December 5th.—On the 5th the alguacil set out with three companions to report the matter to the Governor, who was in the province Zuñi and Mohoqui. He lost his way and returned on the 6th.

7th.—On the 7th, Bernabé de las Casas set out with six companions to make the same report and deliver it to him ten leagues beyond Ácoma. This alone saved the men whom his Lordship had with him and who were returning to Ácoma with full confidence in them, and ignorant of the atrocities which had been committed by the Indians.

21st.—On the 21st, after having received this information, the Señor Governor returned to this pueblo of San Juan, where the main body of his camp and our Father Commissary now are.

January 12th.—On the 12th the Sergeant Major, with title of Lieutenant Governor and Commander of the companies, set out with seventy companions to punish the natives of Ácoma.

21st.—On the 21st, the feast of Señora Santa Ynez, the said Sergeant Major arrived with his soldiers, and with the carts and artillery, to besiege Ácoma, whose inhabitants they found prepared for war. They received our men by shooting arrows and other missiles at them, and with many insults. They appeared with some arms of the Christians whom they had killed there; and they would not consent to the demands made by them according to the instructions of his Lordship (Oñate).

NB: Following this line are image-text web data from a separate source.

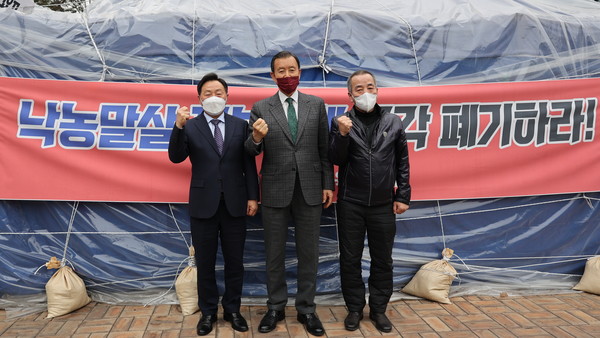 홍문표 의원(가운데)이 지난 17일 여의도 천막 농성장을 방문해 낙농가 의견이 반영되는 낙농 대책을 재수립할 수 있도록 돕겠다고 약속했다.  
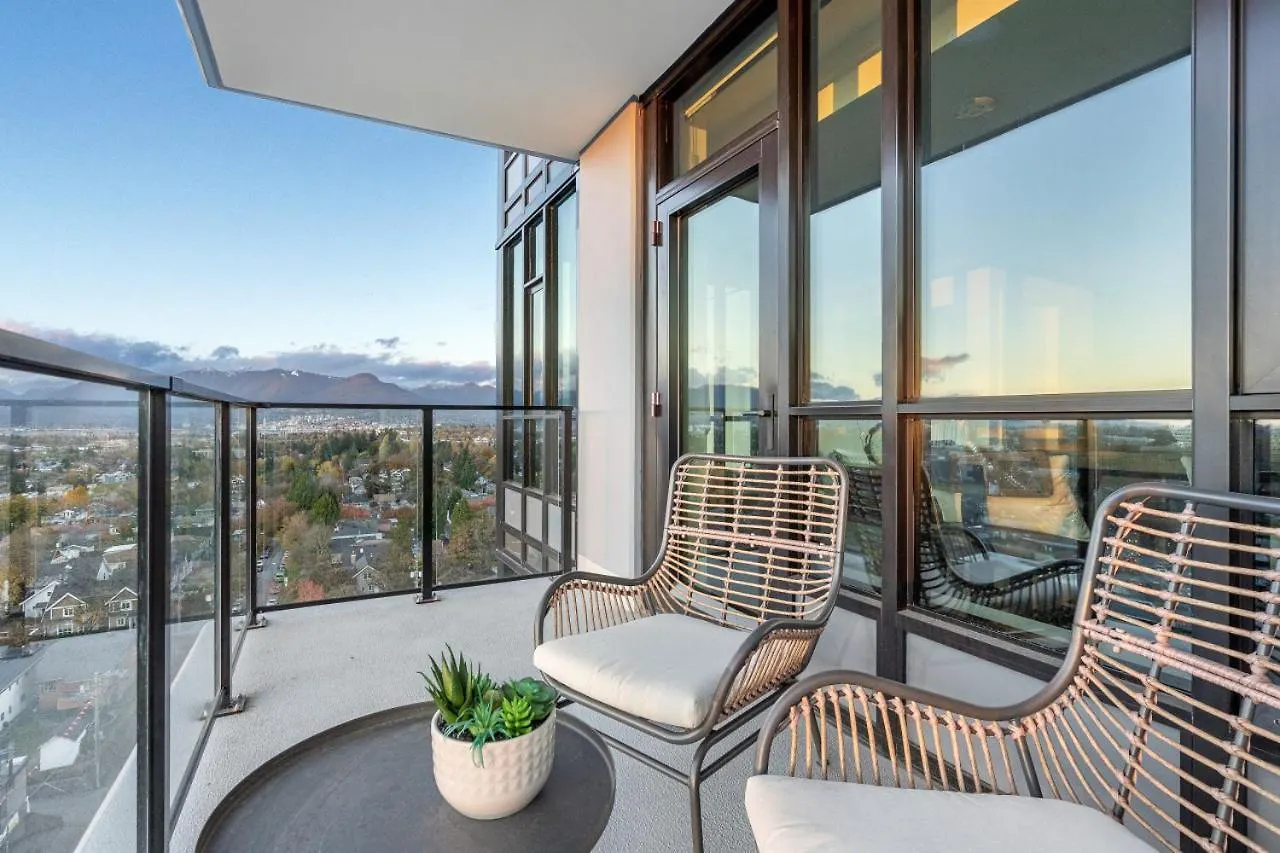 Stylish & Modern 2-Bedroom Apartment Vancouver
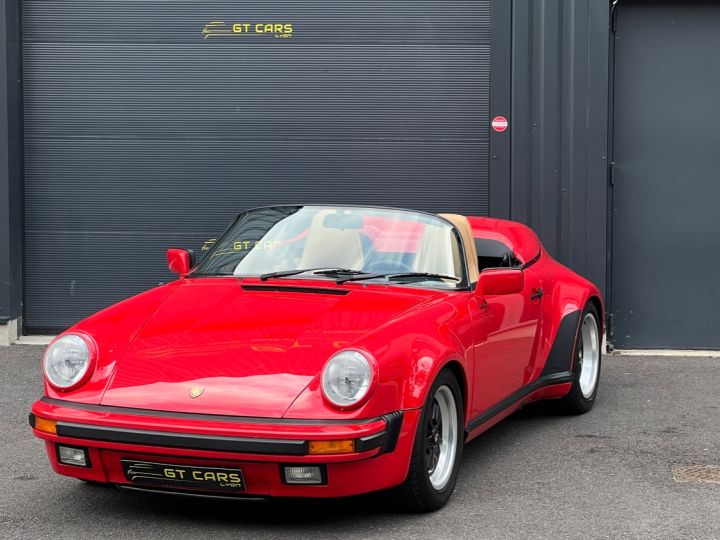 Porsche 911 Porsche 911 Speedster Turbo Look - crédit 1 649 euros par mois - limitée à 1 894 exemplaires Vendu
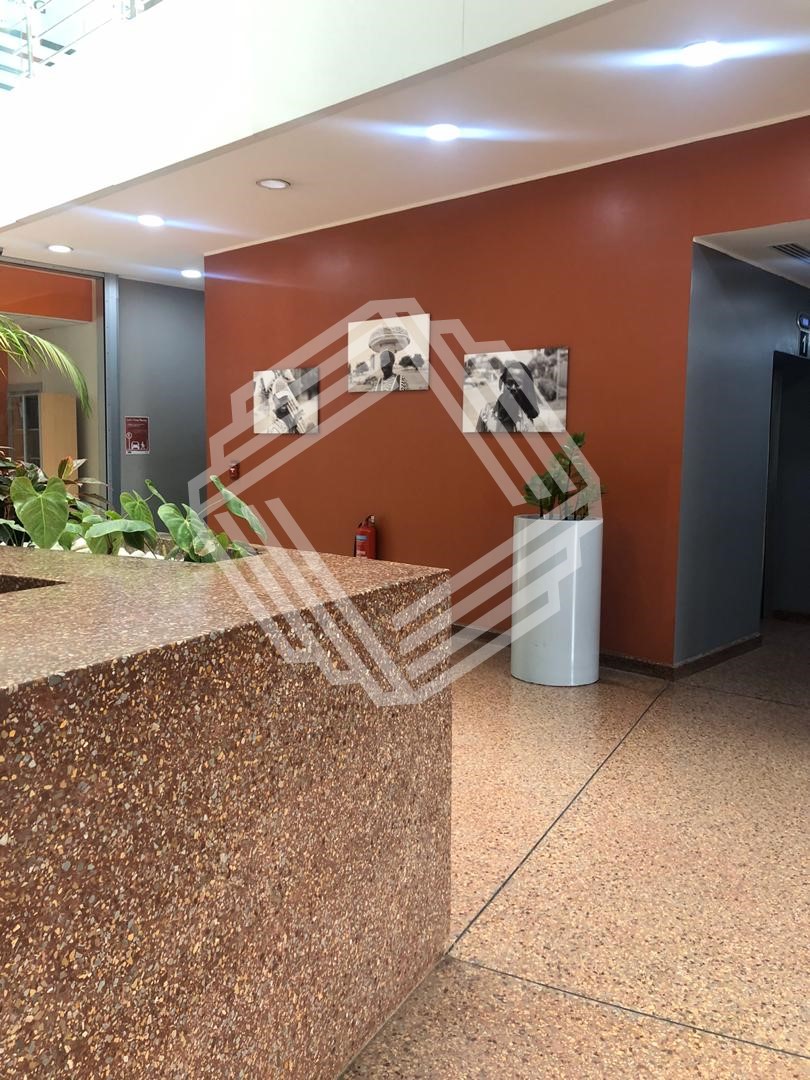 Cliffside Apartment, Airport Residential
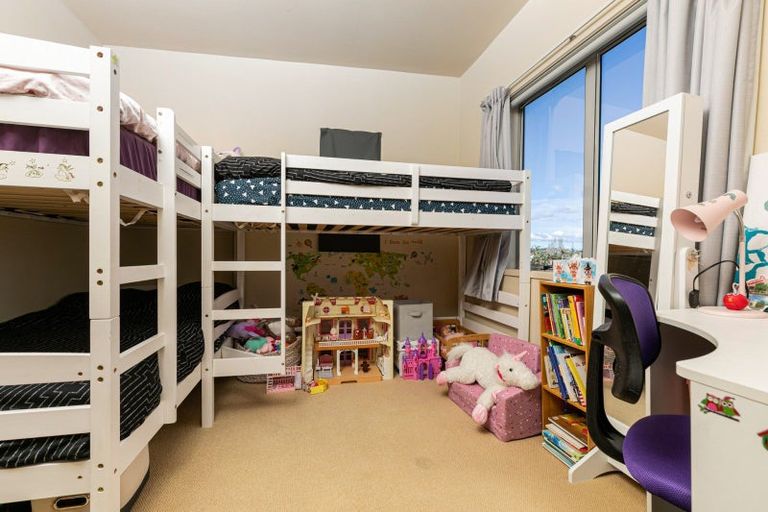 Photo of property in 14/3 Riverside Road, Orewa, 0931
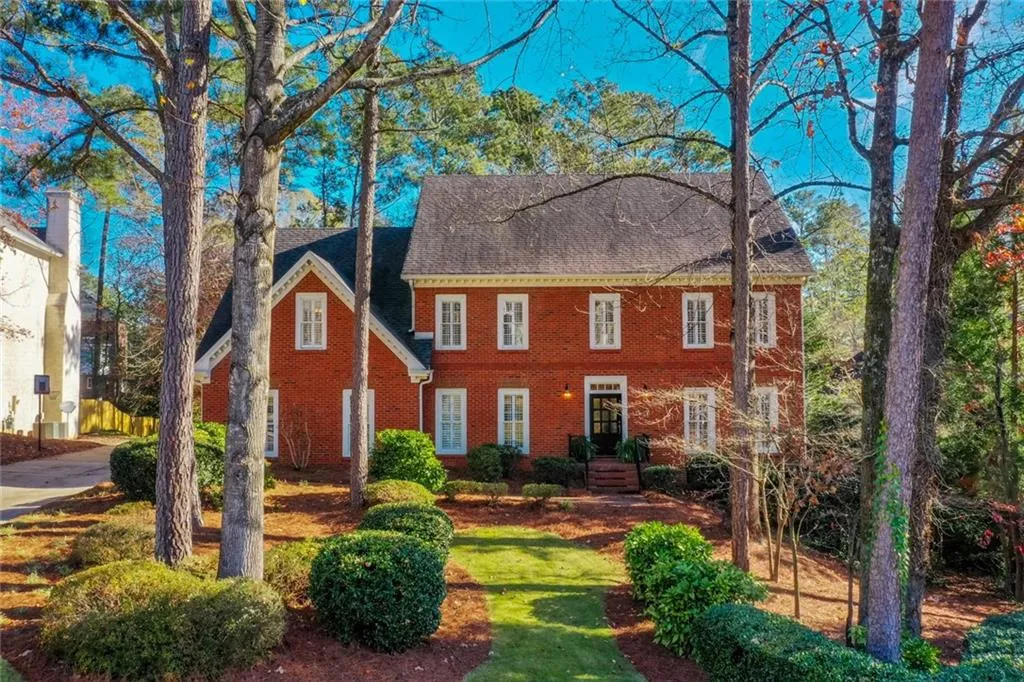 7665 Blandford Place, Sandy Springs, Georgia 30350, 4 Bedrooms Bedrooms, ,3 BathroomsBathrooms,Residential,Sold,7665 Blandford Place,6815230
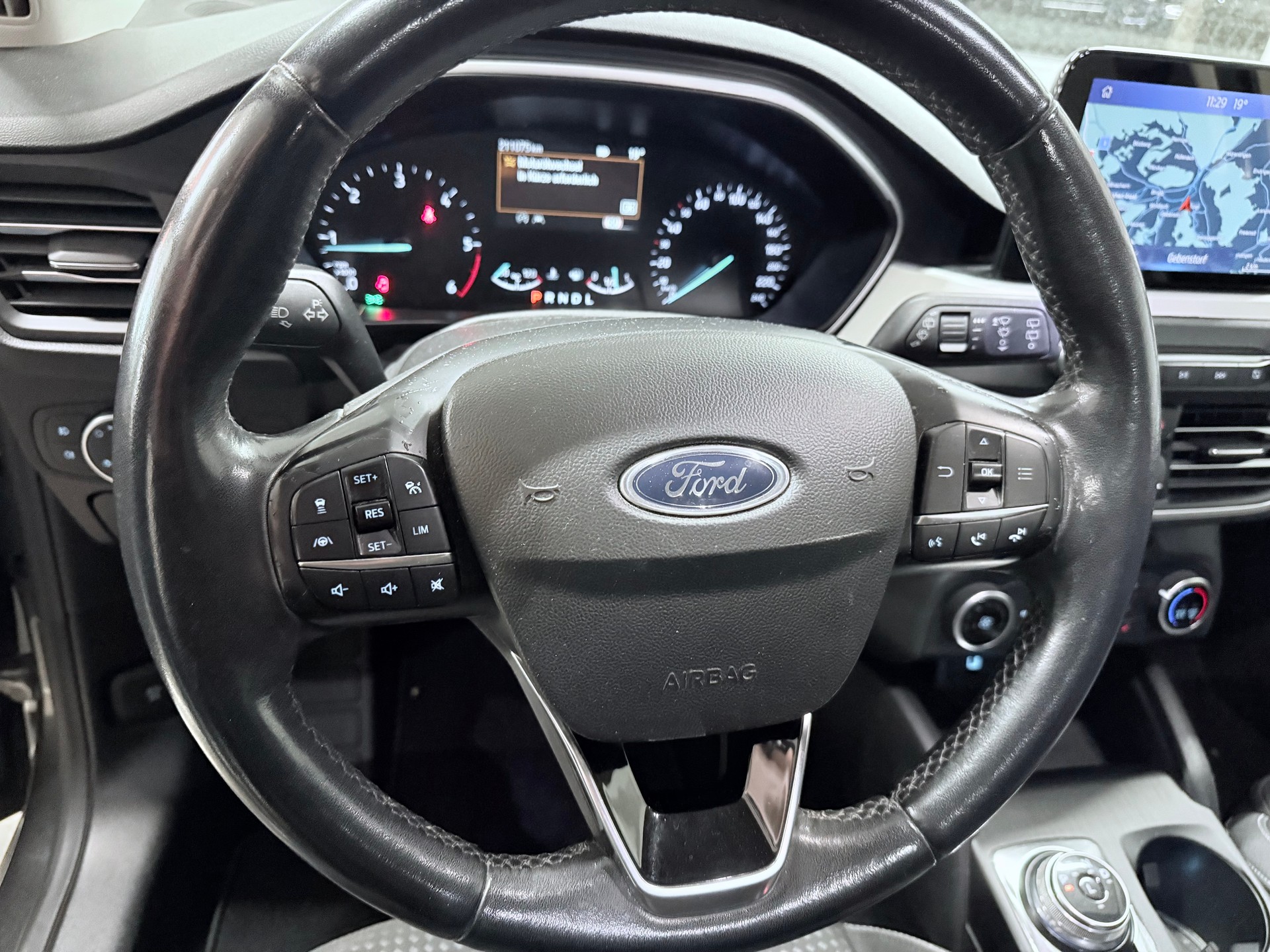 FORD Focus 2.0 TDCi Cool Connect Automatic-image-9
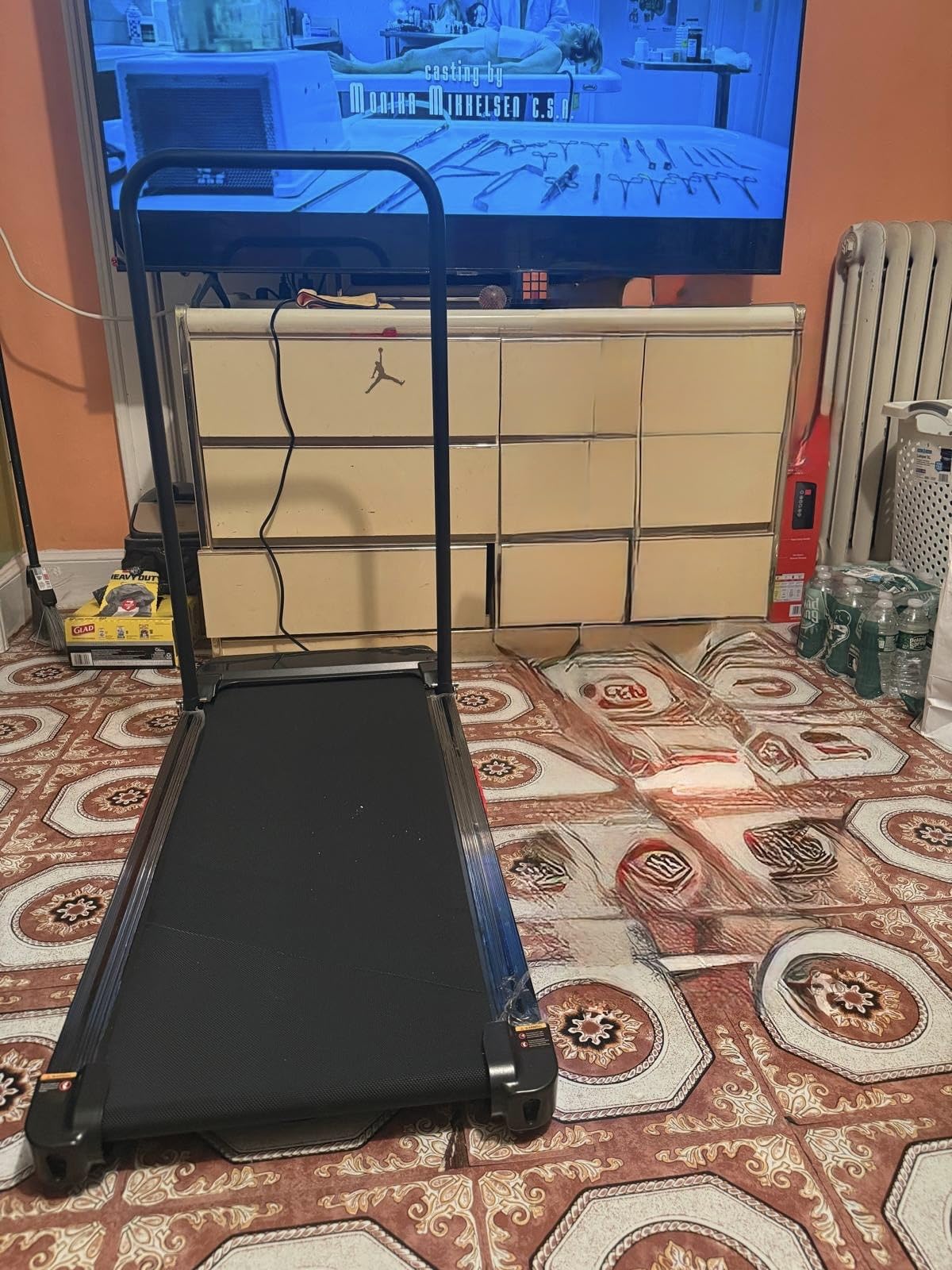 KASSADIN Walking Pad with Handle Bar, 2026 Upgrade Portable Small Treadmill with Handles for Home Small, 3.0HP Under Desk Walking Pad Treadmill with Incline, 0.6-7.6MPH, 350LBS customer photo 2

22d.—Therefore, on Friday, the feast of Señor San Vicente, at four in the afternoon, all having confessed and made their peace with God, a feigned assault was made on one side of the rocks of Ácoma. When the people of the rock ran thither, the Spaniards went up on the other side. With brave efforts they captured the first small crag and other rocks and boulders, and finally came face to face with the enemy. They held their ground that day and night with great diligence and watchfulness.

23d.—On the next day, which was the feast of Señor San Ildefonso, as soon as it was daybreak, they began a pitched battle which lasted until after four in the afternoon. It was miraculous that so great a number of the enemy were killed without the loss of any of ours; and that the air was extremely favorable, for it was so cold that the arquebuses did not become heated, although the firing was continuous throughout the entire time. It was all the more miraculous considering the small number—less than fifty—who were on top of the rock, for the balance who made up the total of the seventy who went to this war, guarded the base of the rock on horseback, so that on the top of the rock there were ten of the enemy to each Spaniard. On this day the Indians of Ácoma saw an apparition of Santiago or of San Pablo. Lorenzo Salado met with an accident because of his carelessness in making the ascent.

24th.—On this day the 23d they surrendered, although the Spaniards did not enter the pueblo until Sunday the 24th, when they established a camp in one of the plazas. Then they began to capture the Indians, some of whom entrenched themselves in the estufas (kivas) and underground passages of the rock, which was all undermined in every direction. Most of them were punished and killed by fire and bloodshed, and the pueblo was completely laid waste and burned.[69]